Il patto di famiglia, pertanto, è una peculiare fattispecie negoziale con cui l’imprenditore “anticipa” la propria successione per quanto riguarda il trasferimento della proprietà dell’azienda ai figli o ai nipoti.
La forma del contratto è un atto pubblico che viene stipulato dall’imprenditore e dai figli beneficiari (detti anche “assegnatari”). É necessaria, altresì, la partecipazione del coniuge dell’imprenditore stesso e di tutti quei soggetti che avrebbero la qualifica di legittimari se, in quel momento, si aprisse la successione testamentaria dell’imprenditore.
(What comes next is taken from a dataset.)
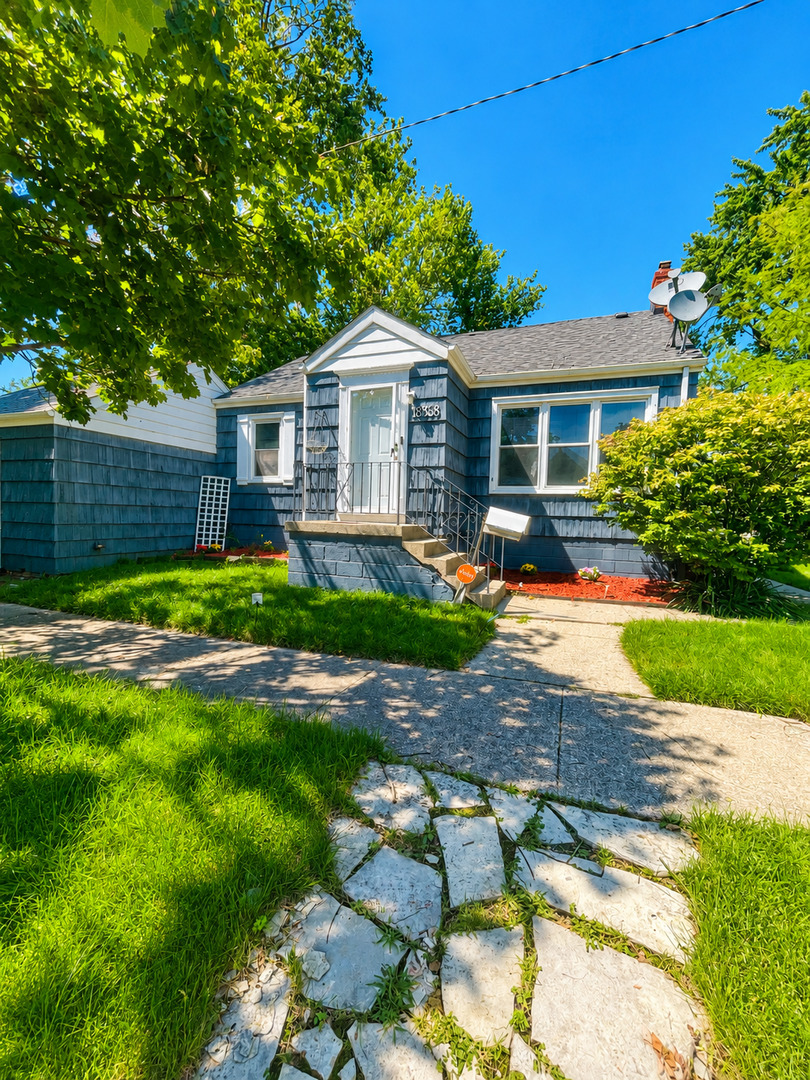 18358 Ridgewood Avenue Lansing, IL 60438 - Photo 2 of 16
Il coniuge e i legittimari hanno infatti diritto a percepire, dai figli assegnatari, una somma a titolo di liquidazione del valore delle quote di legittima (in alternativa, la liquidazione può avvenire in natura, ossia ricevendo alcuni beni al posto del denaro): quanto ricevuto viene imputato alla quota di legittima e non può essere oggetto di collazione o di un’azione di riduzione.
Praticamente, si tratta di un “anticipo” dell’eredità. La liquidazione può avvenire anche con un contratto successivo, purché collegato al patto di famiglia e con la presenza degli stessi partecipanti.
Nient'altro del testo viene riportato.